10The Single-cell Stereo-seq reveals region-specific cell subtypes and transcriptome profiling in Arabidopsis leavesSource: STOmics DB (ID: STT0000023 )
Understanding the complex functions of plant leaves requires a thorough characterization of discrete cell features. Although single-cell gene expression profiling technologies have been developed, their application in characterizing cell subtypes has not been achieved yet. Here, we present scStereo-seq (single-cell SpaTial Enhanced REsolution Omics-sequencing) that enabled us to firstly show the bona fide single-cell spatial transcriptome profiles of Arabidopsis leaves. Subtle but significant transcriptomic differences between upper and lower epidermal cells have been successfully distinguished.
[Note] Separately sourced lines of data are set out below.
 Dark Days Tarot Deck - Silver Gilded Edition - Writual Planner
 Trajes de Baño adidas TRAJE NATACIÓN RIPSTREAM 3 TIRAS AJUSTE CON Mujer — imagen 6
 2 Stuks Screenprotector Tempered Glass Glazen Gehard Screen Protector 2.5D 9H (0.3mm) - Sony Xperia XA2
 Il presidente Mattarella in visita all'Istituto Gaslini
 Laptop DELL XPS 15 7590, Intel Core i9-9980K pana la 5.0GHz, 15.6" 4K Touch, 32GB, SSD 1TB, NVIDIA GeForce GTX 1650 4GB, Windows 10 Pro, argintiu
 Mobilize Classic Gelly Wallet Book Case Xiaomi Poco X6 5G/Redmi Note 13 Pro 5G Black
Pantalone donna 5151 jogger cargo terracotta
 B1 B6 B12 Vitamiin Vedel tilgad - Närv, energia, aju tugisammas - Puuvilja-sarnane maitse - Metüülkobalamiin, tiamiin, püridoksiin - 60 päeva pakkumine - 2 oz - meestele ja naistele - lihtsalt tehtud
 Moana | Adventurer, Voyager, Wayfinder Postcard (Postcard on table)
Furthermore, we discovered cell-type-specific gene expression gradients from the main vein to the leaf edge, which for the first time led to the finding of distinct spatial developmental trajectories of vascular cells and guard cells. Our study showcases the importance of physical locations of individual cells for exerting complex biologic functions in plants and demonstrates that scStereo-seq is a powerful tool to integrate single cell location and transcriptome information for plant biology study.